江戸川区K邸のお引き渡しから、7年が経ちました。先日、杉板外壁の経年変化を確認するため、久しぶりにお邪魔させていただきました。杉板の様子は、時間の経過とともにかなり変わっていきます。時折状態を見ながら、メンテナンスについて考えています。
「木の外壁は腐りやすいのではないか?家の寿命が短くなるのではないか?」と質問をいただいた事があります。私は「木の乾燥状態を保つようにつくれば、他の外壁材と比べて特に家の寿命が短くなる事は無いと思います」とご説明差し上げました。木が腐るのは木材腐朽菌が繁殖するためです。乾燥状態を保つことで、この木材腐朽菌の繁殖を防げます。杉板外壁の表面は空気にさらされるので、杉板の裏面に通気層を設ければ、基本的には材を乾燥状態にすることができます。他にも「水分を吸いやすい木口に水が溜まらないようにする」「空気が淀むようなところをつくらない」「水跳ねがあるところには使わない」等にも配慮をして、杉板を傷めずに耐久性をあげるようにします。

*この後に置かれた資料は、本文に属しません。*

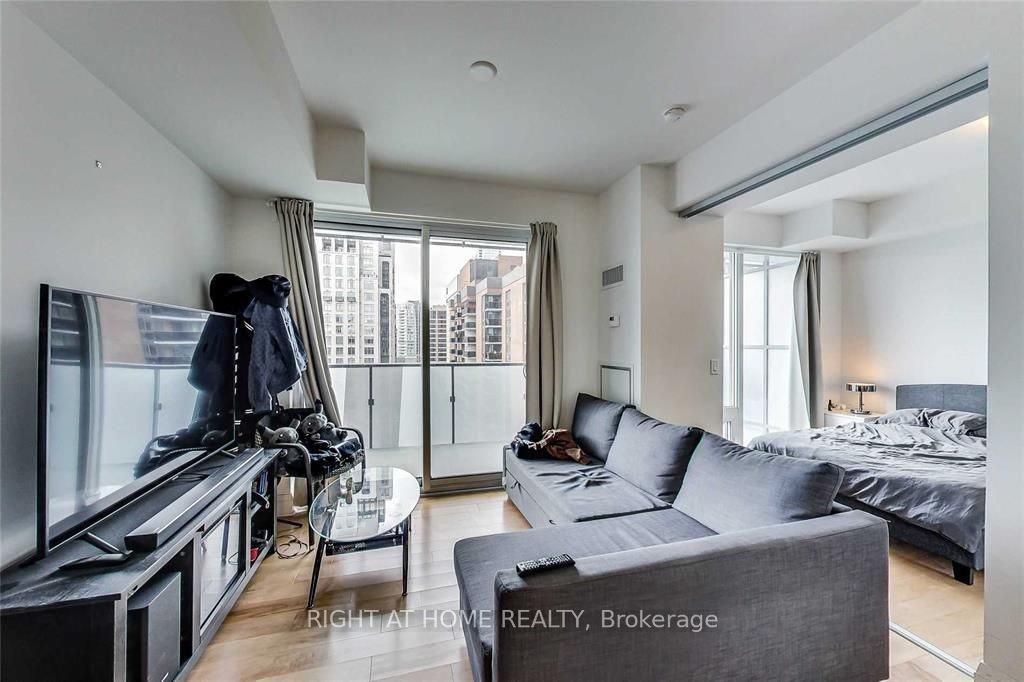 1608-65 St Mary Street, Toronto, ON, M5S 0A6 - 3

杉板外壁の耐久性を上げるようにしても、木の経年変化は目に見えて分かるものです。日に日にその様子を変えていきます。それゆえに杉板外壁は、経年変化を「趣が増している」と感じる方にはお勧めですが、「劣化している」と感じる方には不向きな仕様のように思います。
Kさんは経年変化を楽しみながらお住まいのようです。